Курсанты возвращались в школу постепенно, не все сразу. Наша группа вернулась на третий день и застала уже часть курсантов дома, тогда как другие еще не вернулись. Бессонные ночи сказались крайней утомленностью, и каждому из нас хотелось поскорей в постель. Но, по-видимому, начальство наше присматривалось к нам.
— Приготовить штатское и пистолеты к сдаче! — раздалась команда, и началась суетня.
Все нужно было вычистить — и костюмы и пистолеты, — мест же для чистки отведено не было. Заполнили коридоры.
Вдруг в нижнем этаже раздался выстрел.
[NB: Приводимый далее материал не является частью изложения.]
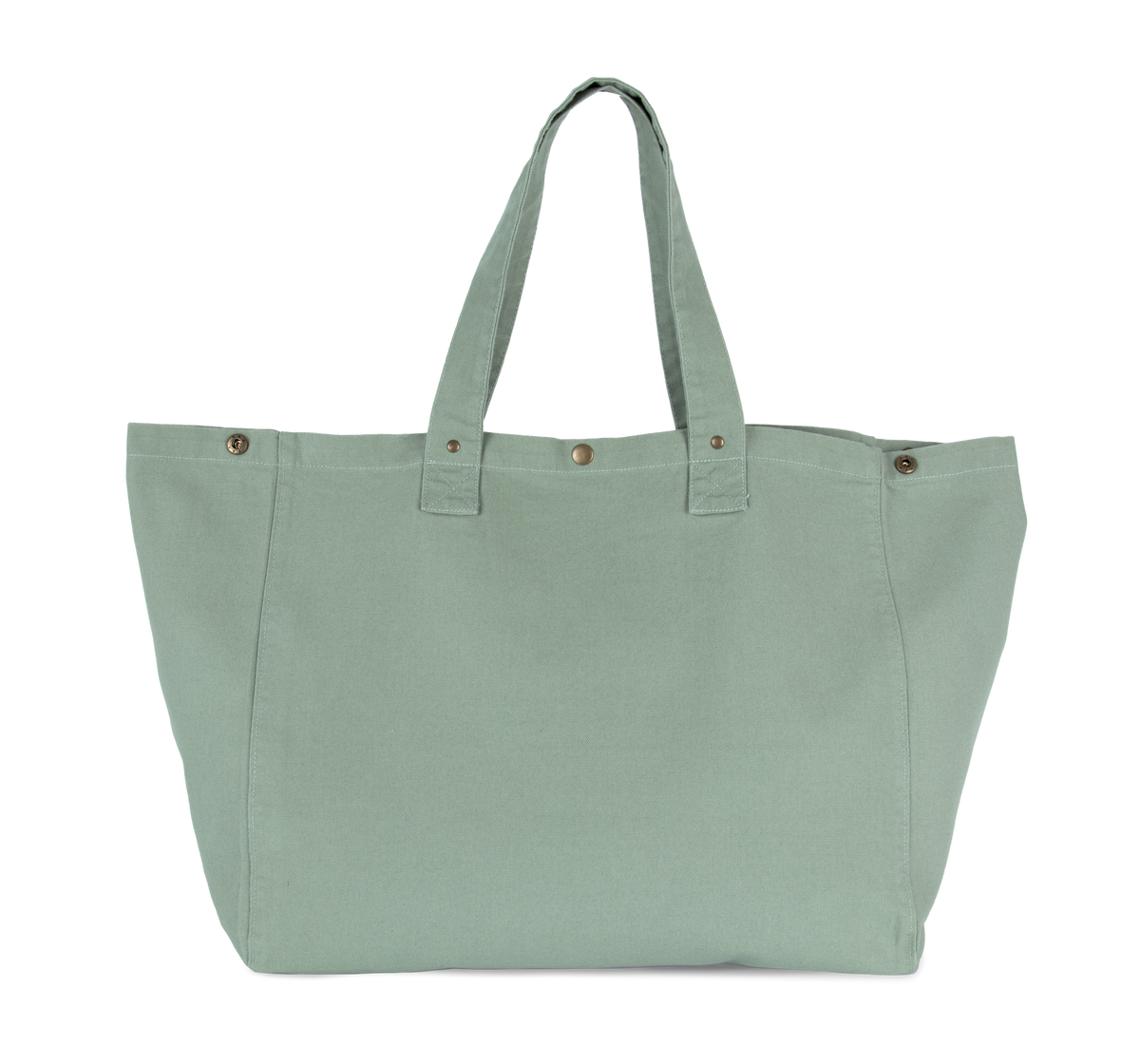 KI3208 - Sac de shopping en coton délavé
Моментально забегали курсанты и начальство.
— Пропустить начальника-комиссара! Дорогу начальнику спецчасти! Дайте пройти товарищу помполиту! — слышалось в переполохе.
— Разойтись по комнатам! — выделилась из общего гвалта команда начальника-комиссара школы, и наступила относительная тишина.
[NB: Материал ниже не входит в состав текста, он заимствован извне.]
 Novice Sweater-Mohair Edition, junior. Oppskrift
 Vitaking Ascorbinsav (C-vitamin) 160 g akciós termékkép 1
Выяснилось, что курсант Гончарук, уже упомянутый мною, выстрелил нечаянно, приступая к разборке пистолета. Немедленно возник диалог между ним и начальником школы.
— Почему вы произвели выстрел? Как это случилось?
— Не знаю, товарищ начальник-комиссар.
— Где был патрон?
— В патроннике, товарищ начальник-комиссар.
— Зачем? С какой целью?
— По приказанию оперуполномоченного. Мы полагали, что возможно нападение на участок.
— А почему не вытащил потом? — свирепствует начальство, переходя на «ты».
— Забыл, товарищ началь…
— Дурак. Счастье твое, что не задел никого. Но и это тебе даром не пройдет. Марш!
И круто, по-военному четко, повернувшись на каблуках, начальник-комиссар вышел из комнаты, хлопнув дверью.
Провозились мы до трех часов дня и только в четыре пошли на обед. Сразу же после обеда нас погнали в клуб — на собрание. Часа три длилась болтовня, выступал начальник и всякое другое начальство. С серьезнейшим видом разбирался эпизод с выстрелом. С серьезнейшим видом начальник школы утверждал, что «враги народа», действительно, могли напасть на избирательный участок, а потому курсант Гончарук поступил, как настоящий чекист, подготовив пистолет. Но проявил и недопустимую халатность, не разрядив пистолета по миновании опасности, а поэтому лишается трехдневного отпуска из школы, каковой предоставляется всем прочим курсантам.
Сообщение об отпуске подсластило тягучую и тошнотворную болтовню вокруг да около. Мы возрадовались.
В отпускные дни я встречал в городе то одного, то другого курсанта. Мы были в штатском и все навеселе. Возбужденные незабытыми впечатлениями и винными парами, все, в один голос, говорили о том, как бы уйти из школы. Но так уйти, чтобы не пострадать. Планы были разнообразные, но все сплошь одинаковы в своей наивности. Большая стипендия, прекрасное питание, почет и уважение — все утратило теперь в наших глазах свою ценность. Бежать, бежать!..
Три дня промелькнули, как мгновение. Возвращаюсь в школу, рапортую дежурному командиру, стараясь не дышать. Предусмотрительно полоскал рот эссенцией и обсосал дюжину пахучих мятных конфеток. Проскочил — перегар не коснулся бдительных ноздрей дежурного.
В комнате уже встречают: «Ну, как? Пронесло через мель?» — «А-а, мятных конфет наелся!..» Смеялись.
— А что Лазаревича не видать? — спрашиваю.
— На губе. Засыпался. Дежурный разнюхал…
— Выходи строиться! — оборвала наш разговор команда.
Построились.
— Смирно! — и вдоль строя пошел начальник-комиссар. Он держал в руке лист бумаги. Стал посреди и начал ораторствовать.
Начал с коммунистической морали, выразив гнев по поводу возвращения из отпуска в пьяном виде целой дюжины курсантов и доложил нам, что все они на гауптвахте.
— Что особенно возмутительно и отвратительно, — негодовал начальник, — так это то, что некоторые заявили о нежелании оставаться в школе. Ну, нет!.. Мы не допустим, чтобы кто-либо, разузнав секреты нашей работы, нашей учебы, вернулся к условиям гражданского быта. Мы — слуги народа, и на нас тратятся народные деньги. О папе с мамой забудьте — из школы выхода нет. Запомните крепко-накрепко: заставлю делать все, чего требует товарищ Сталин, чего требует от нас товарищ Ежов.